China's Muslim minorities: Uprising from the ashes of history
According to the Chinese government, there are more than 20 million Muslims who live in all parts of the country.
Others say the number may even be higher.
Many Chinese towns have mosques. The call to prayer can be heard on Fridays from Beijing to Yunnan in the south, and especially in the oases of arid Xinjiang in the far northwest.
But there are subtle differences among the communities that follow Islam in China — cultural, linguistic and nationalist nuances that formed over centuries of an often-troubled history.
Muslims have lived in the Middle Kingdom from just after the death of the Prophet Muhammed in 632 AD. They came as traders and missionaries from Arab states, and later from Islamic Persia and Ottoman Turkey.
1st mosque built 1,400 years ago
Tang and Song Dynasty emperors, with an eye on the riches of the Muslim world, made them welcome and even built China's first mosque in what is today the city of Guangzhou.
Descendants of this group are contemporary China's largest Muslim group, known as Hui.
Centuries of co-existence have made many Hui people distinguishable from Han Chinese only by the practice of their faith. When decades of mandatory atheism under Mao Zedong ended in the late 1970s, many devout Hui flourished, reopening mosques and signing up for government-approved trips to Mecca.
The same wasn't true of the country's other large Muslim group, the Uighur people of Xinjiang.
Ethnically, Uighurs — pronounced wee-ghurs — are Central Asian, speakers of a language related to Turkish.
They look west to the Middle East, Turkey and Tashkent, not east to Beijing.
Like the Tibetans on their southern border, they remember when they inhabited a sovereign land and even conquered parts of past Chinese empires in battles centuries ago.
On the northern branch of the historic Silk Route between Mongol China and Rome, the Uighurs traded and travelled widely and forged a distinctive local approach to Islam.
Xinjiang named China's 'new frontier'
But the Chinese have long regarded the region as an integral part of their vast country.
Briefly, in the political chaos that engulfed China in the 1930s and early 1940s, the Uighurs declared independence under the name East Turkestan, but the victory of Mao's communists in 1949 brought them firmly back under Chinese rule.

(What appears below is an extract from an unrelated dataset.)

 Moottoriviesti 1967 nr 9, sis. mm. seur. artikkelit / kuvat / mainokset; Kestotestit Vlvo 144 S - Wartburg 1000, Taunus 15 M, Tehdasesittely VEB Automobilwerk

Zealously atheist Maoists stamped out religious worship of all sorts, although Xinjiang's remoteness and cultural disconnect with Han-dominated China meant Islam survived more openly than elsewhere in the country.
But Uighur discontent with rule from Beijing intensified as the discovery of oil and mineral wealth brought migrants from all over China. The Chinese government encouraged migration with official campaigns with names like "Go West."
A surge in Han Chinese migrants
Today, there are almost as many Han Chinese as Uighur in Xinjiang.
In the 1990s, foreign media began reporting on Uighur grievances and human rights groups highlighted their cultural and religious concerns.
Lacking a charismatic leader like Tibet's Dalai Lama, the Muslims of Xinjiang found little interest in their plight in the west. China opposed Uighur activism as vigourously as its Tibetan version, restricting Islamic teachings and cracking down hard on community leaders and others who advocated sovereignty or civil rights.
The Sept. 11 attacks gave China an opportunity to press its case that Uighur Muslims and independence leaders were affiliated with international Islamist militancy.
The authorities stamped down hard on demonstrations and civil disobedience campaigns and gave frequent news conferences, saying they had stymied plans for terror campaigns.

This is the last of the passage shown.